* TASK PROMPT
Where the data below shows a picture, leave that picture out and copy the rest exactly.

* INFORMATION SHOWN
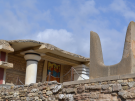The Horns of Consecration monument at the Palace of Knossos in Crete, with reconstructed Minoan columns and a fresco in the background.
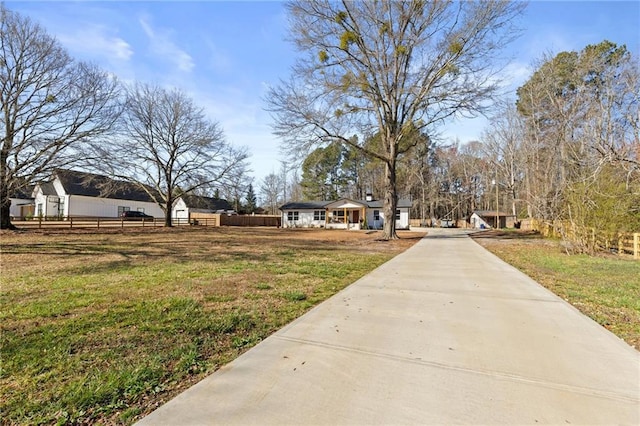 view of yard with concrete driveway and fence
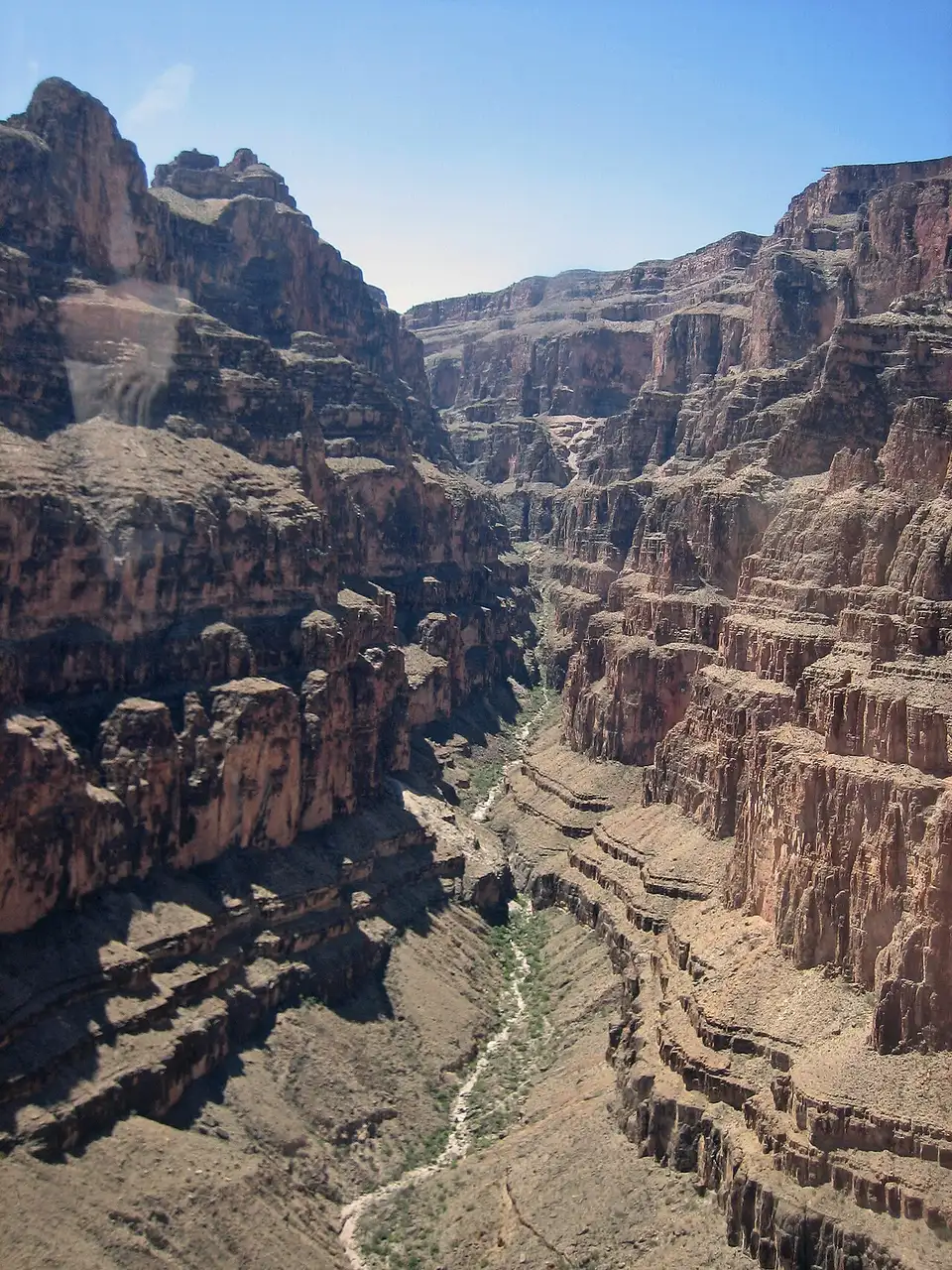 A narrow side canyon with a dry wash, seen through a tour helicopter window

* REPLY TO THE EXERCISE
The Horns of Consecration monument at the Palace of Knossos in Crete, with reconstructed Minoan columns and a fresco in the background.
 view of yard with concrete driveway and fence
 A narrow side canyon with a dry wash, seen through a tour helicopter window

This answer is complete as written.